### Data under study
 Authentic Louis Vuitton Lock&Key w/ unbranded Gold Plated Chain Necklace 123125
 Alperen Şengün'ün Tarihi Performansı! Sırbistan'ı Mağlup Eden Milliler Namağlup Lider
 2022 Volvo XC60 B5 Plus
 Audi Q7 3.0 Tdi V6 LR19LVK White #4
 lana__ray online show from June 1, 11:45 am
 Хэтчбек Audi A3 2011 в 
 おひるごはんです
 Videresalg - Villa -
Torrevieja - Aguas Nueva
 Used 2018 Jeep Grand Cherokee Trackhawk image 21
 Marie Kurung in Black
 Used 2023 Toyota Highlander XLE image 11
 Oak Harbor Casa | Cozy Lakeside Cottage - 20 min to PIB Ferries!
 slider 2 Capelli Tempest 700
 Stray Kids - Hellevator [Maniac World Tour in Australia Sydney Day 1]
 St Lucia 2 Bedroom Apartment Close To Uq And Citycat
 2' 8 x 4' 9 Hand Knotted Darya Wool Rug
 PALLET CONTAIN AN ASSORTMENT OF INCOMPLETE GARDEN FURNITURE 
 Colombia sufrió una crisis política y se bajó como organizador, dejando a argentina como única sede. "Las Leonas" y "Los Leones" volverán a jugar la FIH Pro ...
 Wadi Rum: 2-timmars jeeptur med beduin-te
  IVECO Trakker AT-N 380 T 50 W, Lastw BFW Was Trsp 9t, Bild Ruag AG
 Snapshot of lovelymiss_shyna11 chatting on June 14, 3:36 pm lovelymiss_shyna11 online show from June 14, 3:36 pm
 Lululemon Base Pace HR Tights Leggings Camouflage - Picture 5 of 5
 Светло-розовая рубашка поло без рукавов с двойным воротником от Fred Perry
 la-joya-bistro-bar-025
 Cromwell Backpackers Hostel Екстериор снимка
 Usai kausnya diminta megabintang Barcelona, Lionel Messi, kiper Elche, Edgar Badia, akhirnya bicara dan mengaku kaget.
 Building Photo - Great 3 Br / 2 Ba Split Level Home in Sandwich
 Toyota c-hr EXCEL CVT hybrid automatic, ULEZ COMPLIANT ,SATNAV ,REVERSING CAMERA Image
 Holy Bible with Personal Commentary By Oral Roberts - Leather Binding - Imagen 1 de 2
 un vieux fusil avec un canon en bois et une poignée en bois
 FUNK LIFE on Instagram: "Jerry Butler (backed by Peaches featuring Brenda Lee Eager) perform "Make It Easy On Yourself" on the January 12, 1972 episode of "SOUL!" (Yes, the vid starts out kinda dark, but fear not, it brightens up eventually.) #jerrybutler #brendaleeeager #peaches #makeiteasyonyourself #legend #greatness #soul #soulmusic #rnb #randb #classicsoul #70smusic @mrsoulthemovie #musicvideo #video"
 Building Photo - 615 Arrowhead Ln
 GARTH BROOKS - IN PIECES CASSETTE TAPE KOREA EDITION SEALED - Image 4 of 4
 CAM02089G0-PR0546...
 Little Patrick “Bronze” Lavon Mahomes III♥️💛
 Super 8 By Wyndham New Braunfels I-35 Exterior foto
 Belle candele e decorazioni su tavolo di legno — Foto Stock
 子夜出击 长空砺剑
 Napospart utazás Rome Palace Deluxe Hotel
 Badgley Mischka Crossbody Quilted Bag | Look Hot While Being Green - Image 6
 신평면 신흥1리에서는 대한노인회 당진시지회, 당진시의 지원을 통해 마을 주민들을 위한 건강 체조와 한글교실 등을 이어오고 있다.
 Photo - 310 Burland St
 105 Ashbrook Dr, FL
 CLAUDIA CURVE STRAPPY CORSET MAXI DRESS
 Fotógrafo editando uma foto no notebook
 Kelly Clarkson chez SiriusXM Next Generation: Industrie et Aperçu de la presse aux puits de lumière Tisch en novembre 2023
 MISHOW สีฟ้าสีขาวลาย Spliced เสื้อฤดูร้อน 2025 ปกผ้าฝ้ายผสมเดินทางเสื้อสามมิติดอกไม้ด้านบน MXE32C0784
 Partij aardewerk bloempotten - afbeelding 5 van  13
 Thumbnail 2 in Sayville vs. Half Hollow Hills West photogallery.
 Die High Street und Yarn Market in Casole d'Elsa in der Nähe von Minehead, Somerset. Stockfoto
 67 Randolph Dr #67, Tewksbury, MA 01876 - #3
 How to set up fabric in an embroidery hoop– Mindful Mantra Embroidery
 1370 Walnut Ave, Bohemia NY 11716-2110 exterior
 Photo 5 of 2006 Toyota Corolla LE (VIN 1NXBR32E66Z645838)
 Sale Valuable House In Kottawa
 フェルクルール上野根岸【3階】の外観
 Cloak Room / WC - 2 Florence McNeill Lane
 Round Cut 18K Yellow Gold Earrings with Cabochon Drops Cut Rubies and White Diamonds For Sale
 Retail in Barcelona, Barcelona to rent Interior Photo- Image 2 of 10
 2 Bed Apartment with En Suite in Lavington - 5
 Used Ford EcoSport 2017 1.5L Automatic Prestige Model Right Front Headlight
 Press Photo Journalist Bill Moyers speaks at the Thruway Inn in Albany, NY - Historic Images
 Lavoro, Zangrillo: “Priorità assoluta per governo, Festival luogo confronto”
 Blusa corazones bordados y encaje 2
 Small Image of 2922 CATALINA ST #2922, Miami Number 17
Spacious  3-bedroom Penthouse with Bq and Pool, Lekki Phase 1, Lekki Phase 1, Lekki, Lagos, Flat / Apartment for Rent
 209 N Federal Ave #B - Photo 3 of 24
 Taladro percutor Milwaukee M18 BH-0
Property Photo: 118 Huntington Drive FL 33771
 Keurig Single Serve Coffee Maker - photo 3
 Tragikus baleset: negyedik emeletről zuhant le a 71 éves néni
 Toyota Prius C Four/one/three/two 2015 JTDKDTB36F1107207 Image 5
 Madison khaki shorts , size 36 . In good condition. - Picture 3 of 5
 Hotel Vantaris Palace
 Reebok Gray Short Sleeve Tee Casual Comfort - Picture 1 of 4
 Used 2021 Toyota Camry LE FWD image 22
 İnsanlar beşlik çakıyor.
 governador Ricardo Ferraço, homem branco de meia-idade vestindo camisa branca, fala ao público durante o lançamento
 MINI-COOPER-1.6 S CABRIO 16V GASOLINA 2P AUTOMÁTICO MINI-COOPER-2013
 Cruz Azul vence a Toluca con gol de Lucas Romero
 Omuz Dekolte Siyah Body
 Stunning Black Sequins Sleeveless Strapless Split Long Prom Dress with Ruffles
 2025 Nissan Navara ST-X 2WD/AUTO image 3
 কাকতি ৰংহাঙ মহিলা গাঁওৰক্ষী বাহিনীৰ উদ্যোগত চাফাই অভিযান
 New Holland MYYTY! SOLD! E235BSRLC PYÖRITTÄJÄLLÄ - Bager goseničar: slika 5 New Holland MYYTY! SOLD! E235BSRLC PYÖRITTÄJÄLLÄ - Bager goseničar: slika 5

### What you will do
In the listing above, which lines include the string "Black"? Return every one of them.

### Answer to the problem
 Marie Kurung in Black
 Stunning Black Sequins Sleeveless Strapless Split Long Prom Dress with Ruffles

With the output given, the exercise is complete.